> DATASET EXTRACT
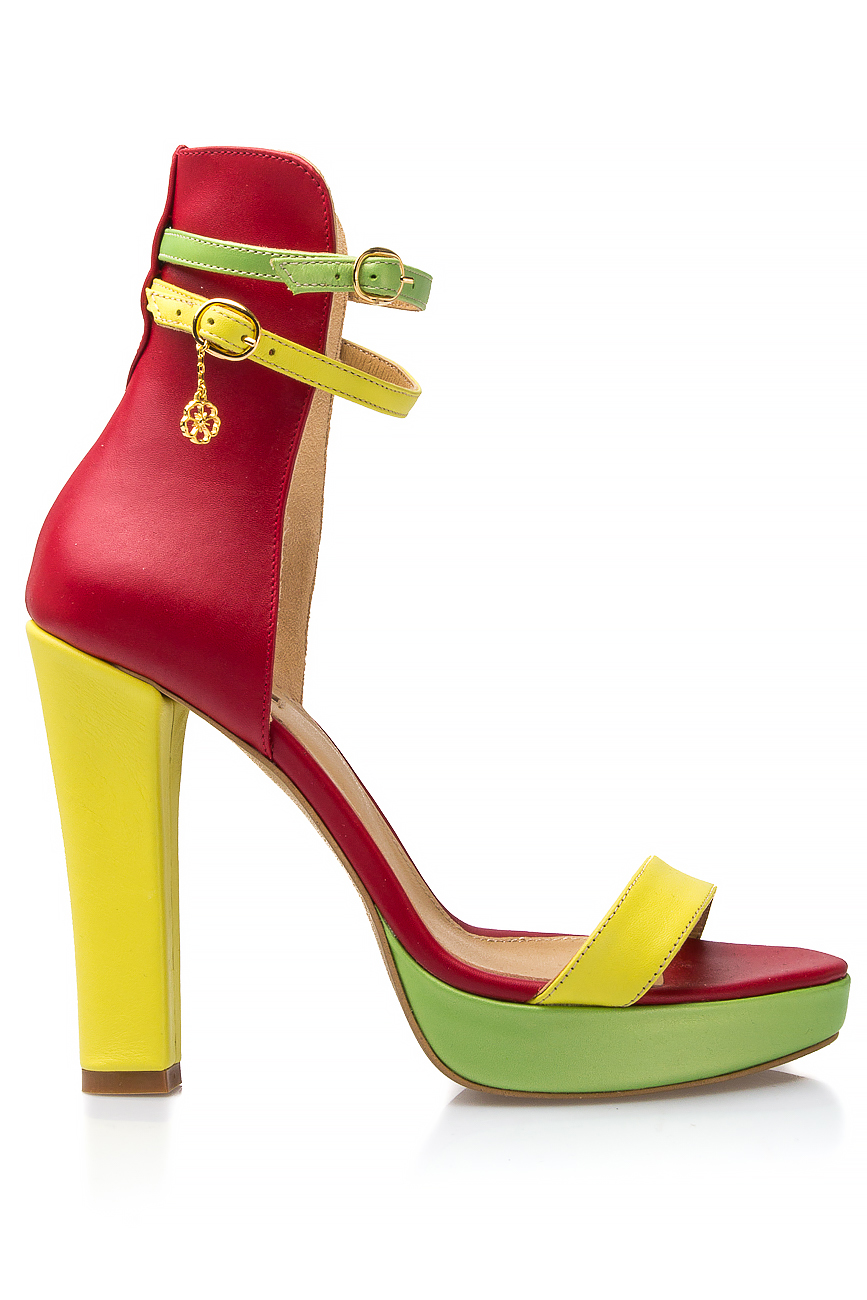 Multicolor leather platform sandals - Heeled Shoes made to measure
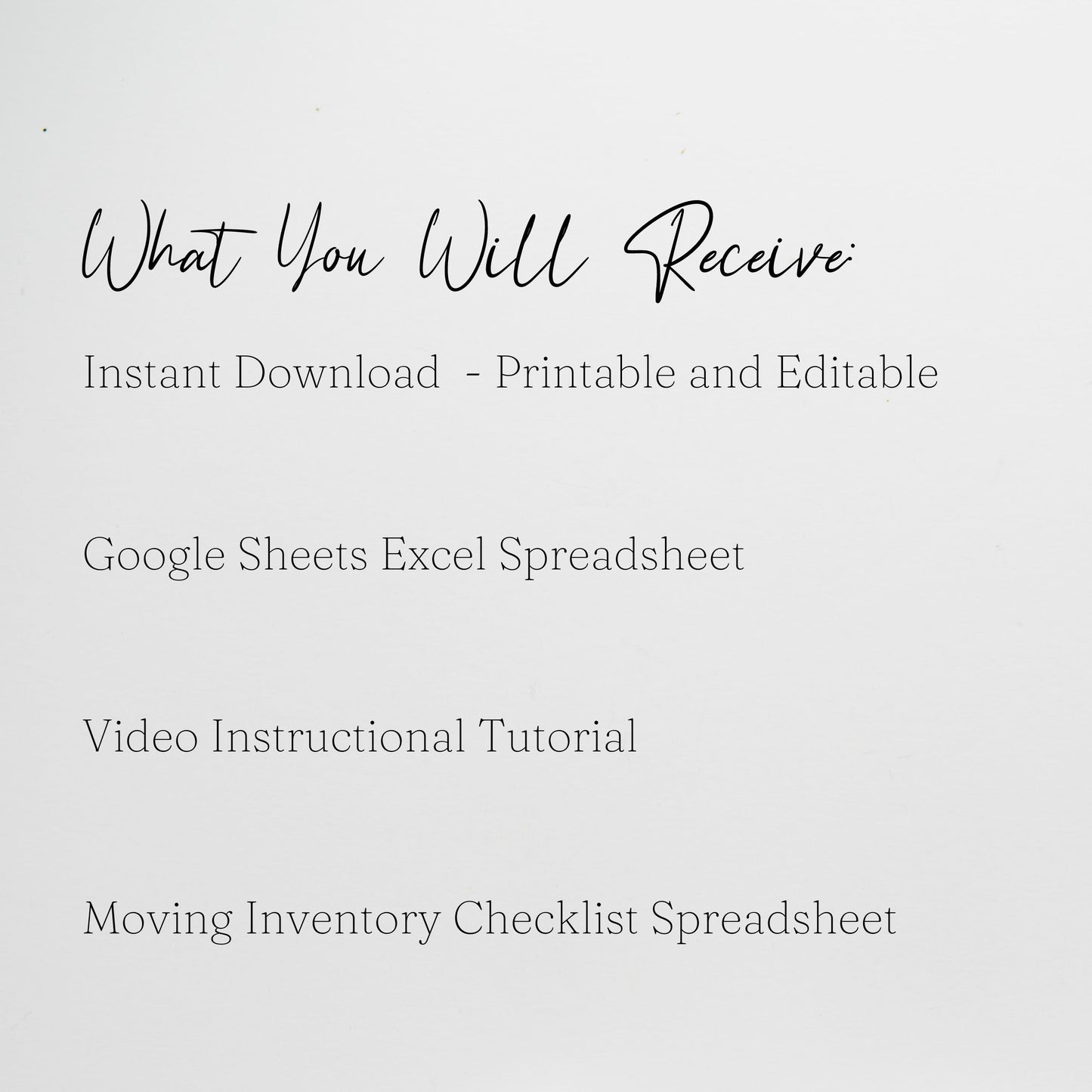 Moving Inventory Checklist Google Sheet and Excel Spreadsheet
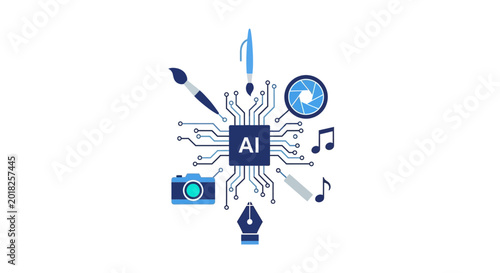 Φωτογραφία Digital creativity concept with artificial intelligence processor chip connecting to art, music, photography, and writing tools, flat vector illustration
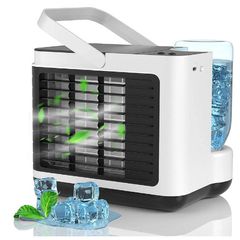 Mini Mobile Air Conditioner, 4 in 1 Small Air Cooler USB Air Cooler Humidifier with Water Tank, 2 Modes 3 Speeds with Night Light, Portable Air Conditioner for Room and Office, White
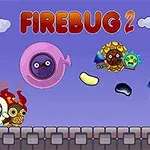 Barevní kreslení tvorové se nacházejí na cihlové plošině s nadpisem FIREBUG 2 na modré obloze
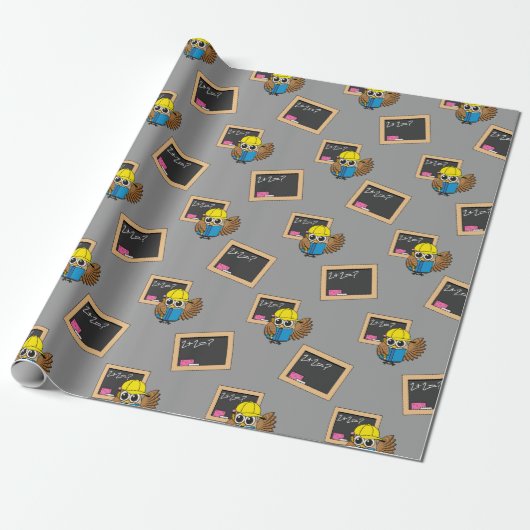 Papier Cadeau Dessin de chouette écolière (Déroulé)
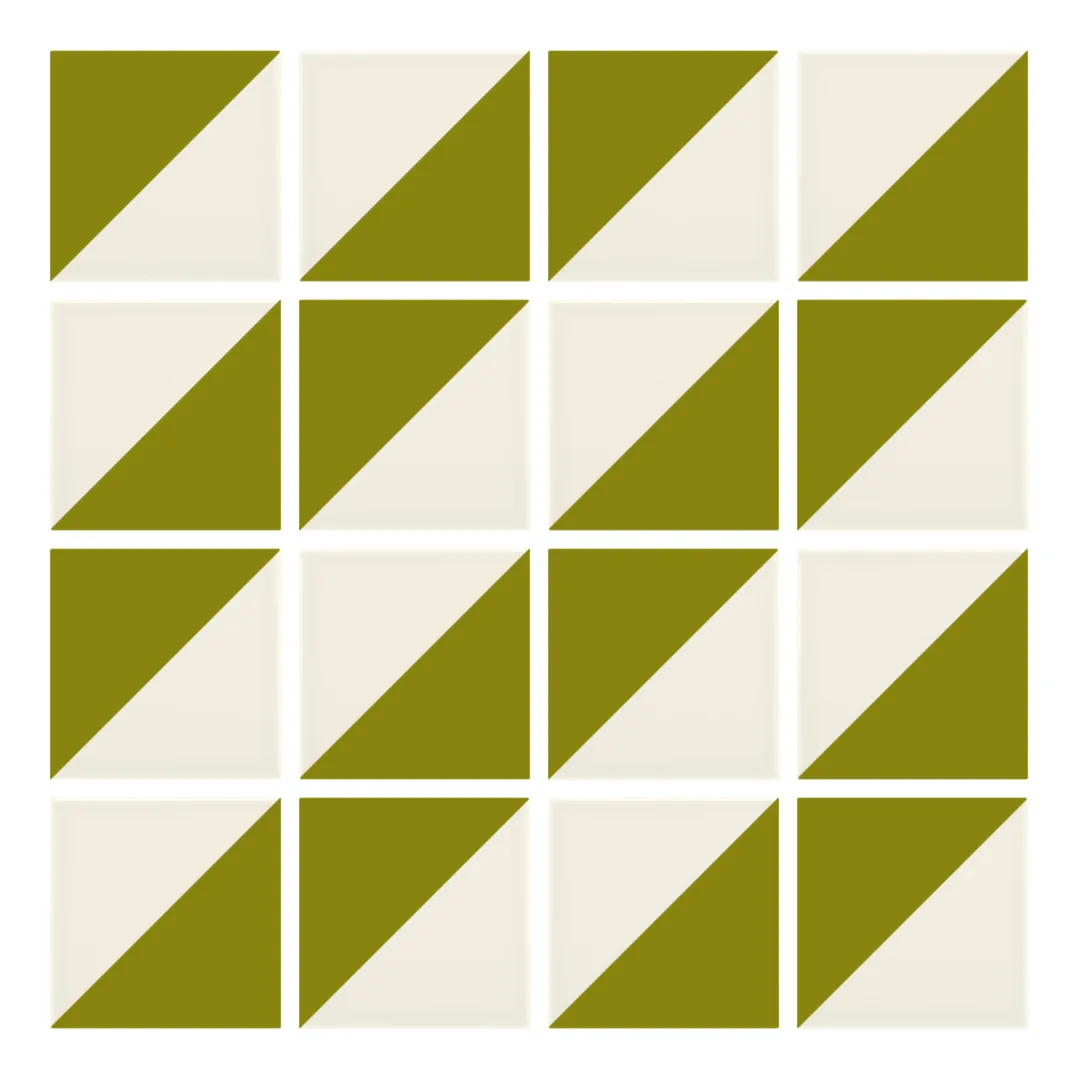 Patrón 2 de colocación de Azulejo Trigone Crema 10x10 Verde Aguacate Brillo
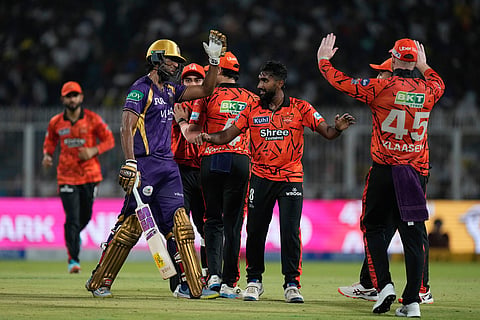 Sunrisers Hyderabad's Eshan Malinga, second from right, celebrates the runout of Kolkata Knight Riders' Angkrish Raghuvanshi , left, uring the Indian Premier League cricket match between Kolkata Knight Riders and Sunrisers Hyderabad in Kolkata, India.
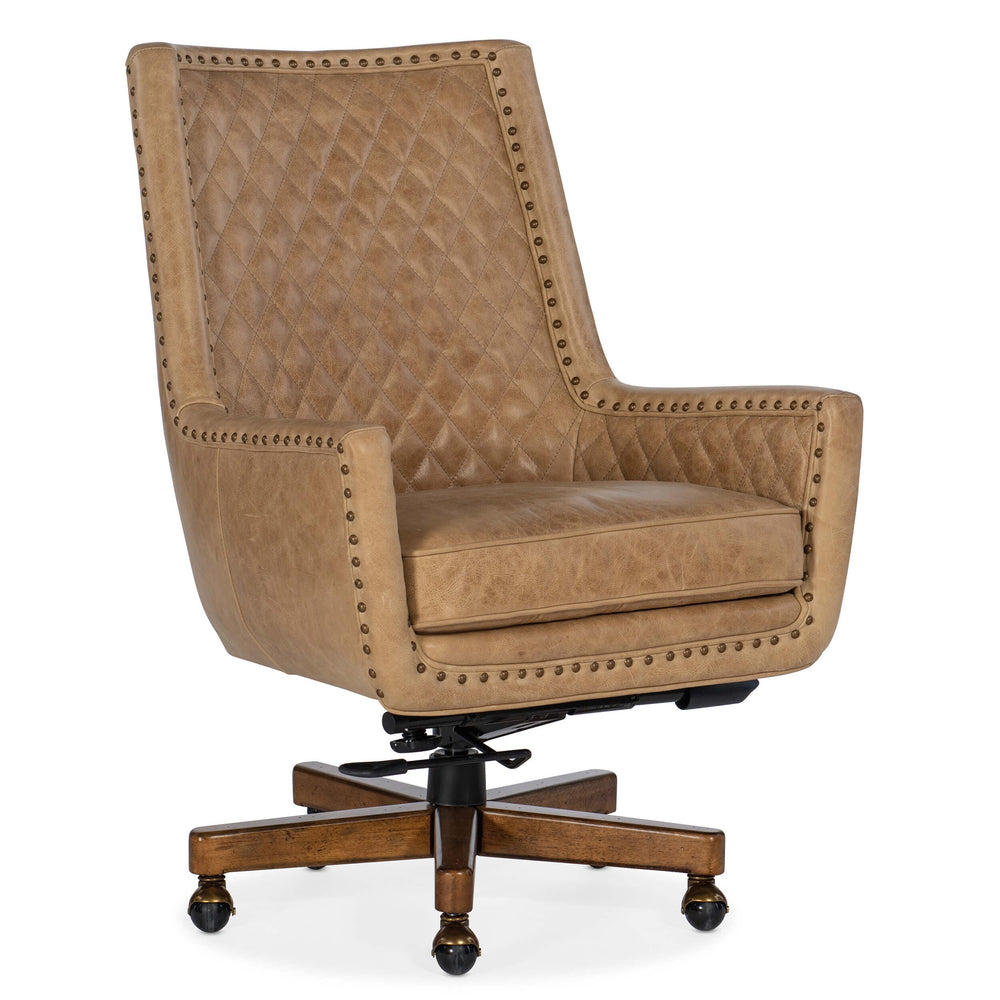 Kent Executive Swivel Tilt Leather Chair, Venerando Bisque-Furniture - Chairs-High Fashion Home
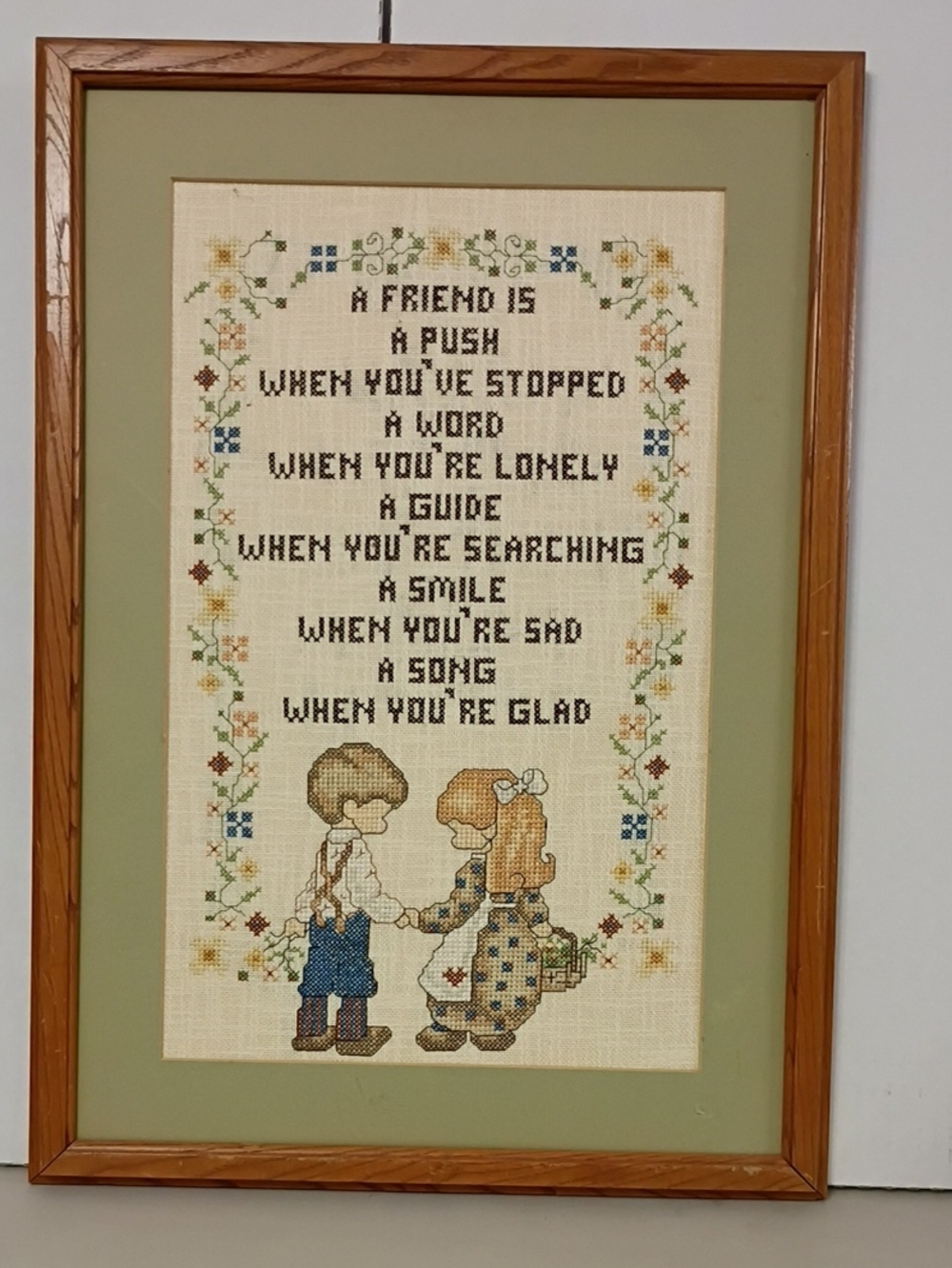 Vintage Green-Matted Framed Cross-Stitch Friendship Art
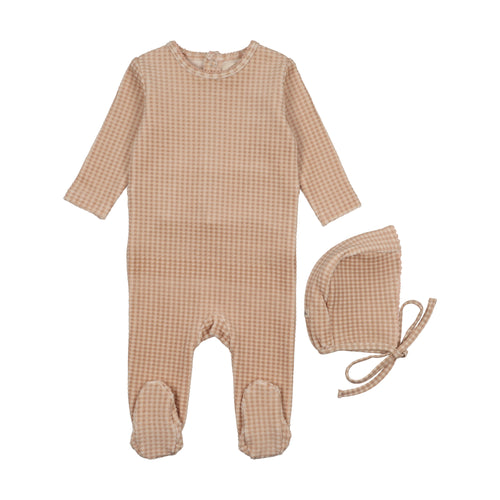Mema Knits Velour Gingham Footie & Bonnet - Rose Dust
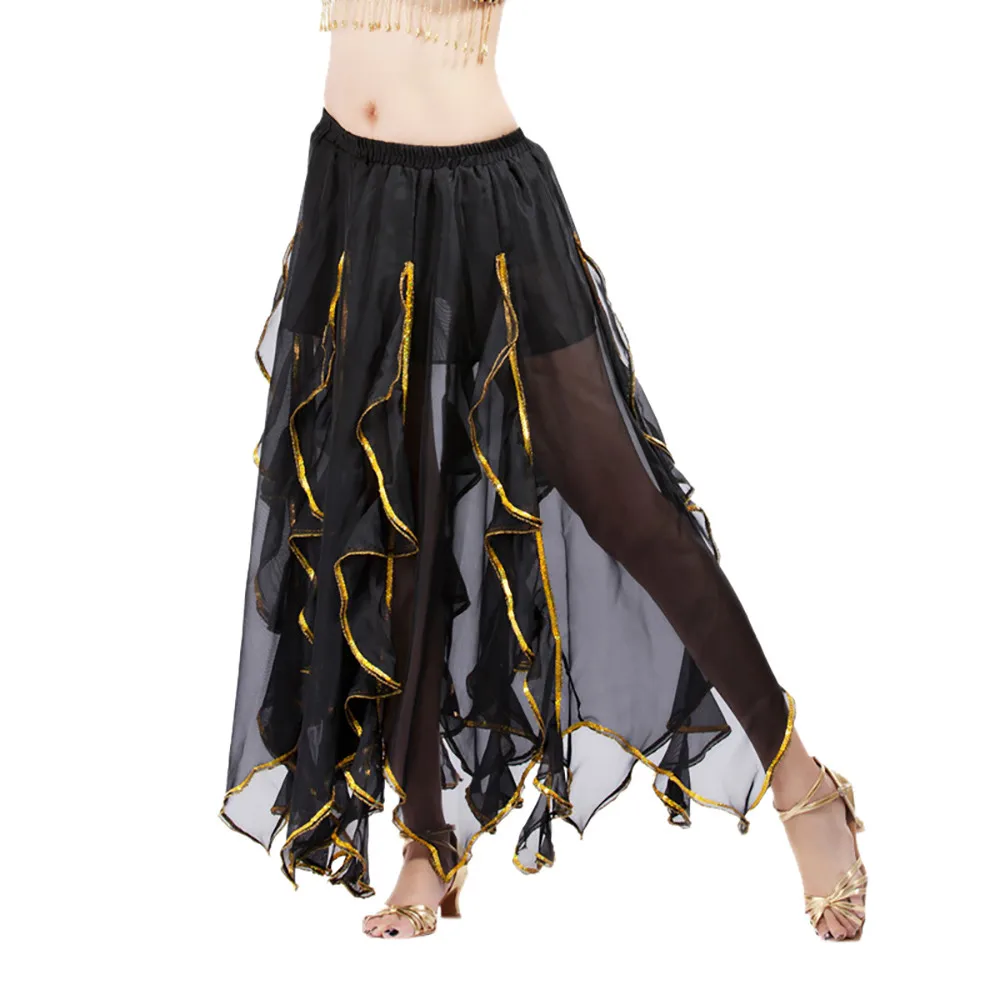 MISSOMO юбка женская с блестками сбоку шифон танец живота длинная юбка Сплит юбка шифон танец живота представление юбка свободный размер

> YOUR TASK
Exactly as written, return each line above and leave the pictures behind.

> YOUR SOLUTION
 Multicolor leather platform sandals - Heeled Shoes made to measure
 Moving Inventory Checklist Google Sheet and Excel Spreadsheet
 Φωτογραφία Digital creativity concept with artificial intelligence processor chip connecting to art, music, photography, and writing tools, flat vector illustration
 Mini Mobile Air Conditioner, 4 in 1 Small Air Cooler USB Air Cooler Humidifier with Water Tank, 2 Modes 3 Speeds with Night Light, Portable Air Conditioner for Room and Office, White
 Barevní kreslení tvorové se nacházejí na cihlové plošině s nadpisem FIREBUG 2 na modré obloze
 Papier Cadeau Dessin de chouette écolière (Déroulé)
 Patrón 2 de colocación de Azulejo Trigone Crema 10x10 Verde Aguacate Brillo
 Sunrisers Hyderabad's Eshan Malinga, second from right, celebrates the runout of Kolkata Knight Riders' Angkrish Raghuvanshi , left, uring the Indian Premier League cricket match between Kolkata Knight Riders and Sunrisers Hyderabad in Kolkata, India.
 Kent Executive Swivel Tilt Leather Chair, Venerando Bisque-Furniture - Chairs-High Fashion Home
 Vintage Green-Matted Framed Cross-Stitch Friendship Art
Mema Knits Velour Gingham Footie & Bonnet - Rose Dust
 MISSOMO юбка женская с блестками сбоку шифон танец живота длинная юбка Сплит юбка шифон танец живота представление юбка свободный размер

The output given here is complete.